Snowden Attorney Praises Whistle Blowers and Journalists Who Unveil Secrets

Imagine what we would know and what we would not know without whistle blowers and journalists who have spread knowledge of actions by those within the federal government who wanted to keep secret improper and illegal things they were doing.

Ben Wizner suggested doing that Monday during an “On the Issues with Mike Gousha” session at Eckstein Hall. His partial list of things that might not have come to light included CIA secret prisons around the world, warrantless surveillance of American citizens, and the abuse of prisoners by American military personnel in the Abu Ghraib prison in Iraq.

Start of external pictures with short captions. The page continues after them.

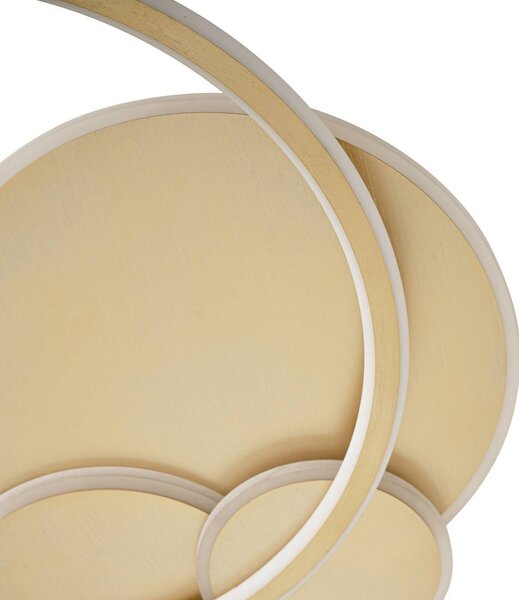 Lucande LED mennyezeti világítás Circulo, arany, 60 cm CCT, dimmelhető, dimmelhető, Sárgaréz / arany, Nappali / Étkező, fém, Modern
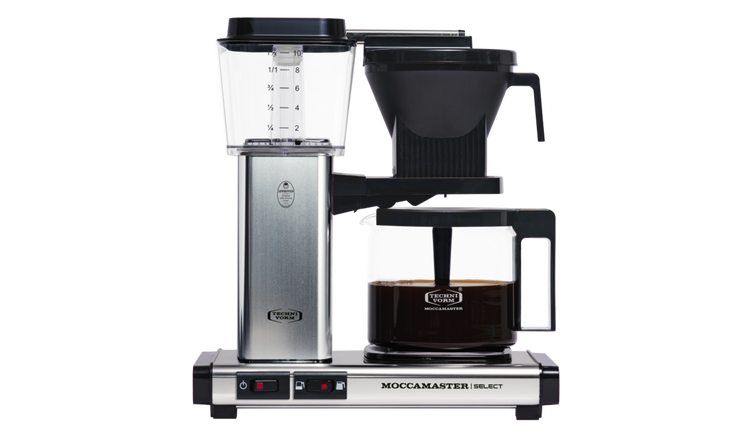 Moccamaster KBG Select Filter Coffee Machine - Polished Silver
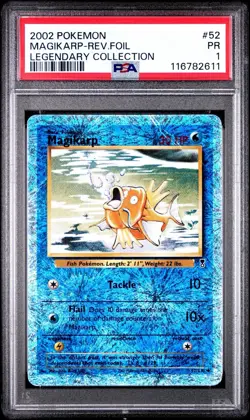PSA 1 Magikarp Reverse Holo Foil #52 2002 Pokemon Legendary Collection WoTC - Image 1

And then there’s Edward Snowden, the National Security Administration contractor who released a large volume of records about secret surveillance of huge numbers of people, both in the United States and around the world. Wizner, director of the American Civil Liberties Union Speech, Privacy & Technology Project, is one of the main attorneys on Snowden’s defense team. Snowden has been living in asylum in Russia.

Ideally, federal agencies and congressional oversight committees would act in the public interest in letting Americans know about matters such as the ones Wizner cited. But, he said, they generally don’t, choosing to protect themselves and such secrets. What’s the alternative? “Enterprising journalists and brave whistle blowers” who create channels to make such secrets public and act as “a safety valve” against government excess, Wizner said.

Wizner said, “It should not be criminal for someone in government to reveal conduct that’s illegal, and I can say that categorically.” The federal law being used against whistle blowers dates from the World War I era and should not be used against people who give information to journalists in the public interest, he said.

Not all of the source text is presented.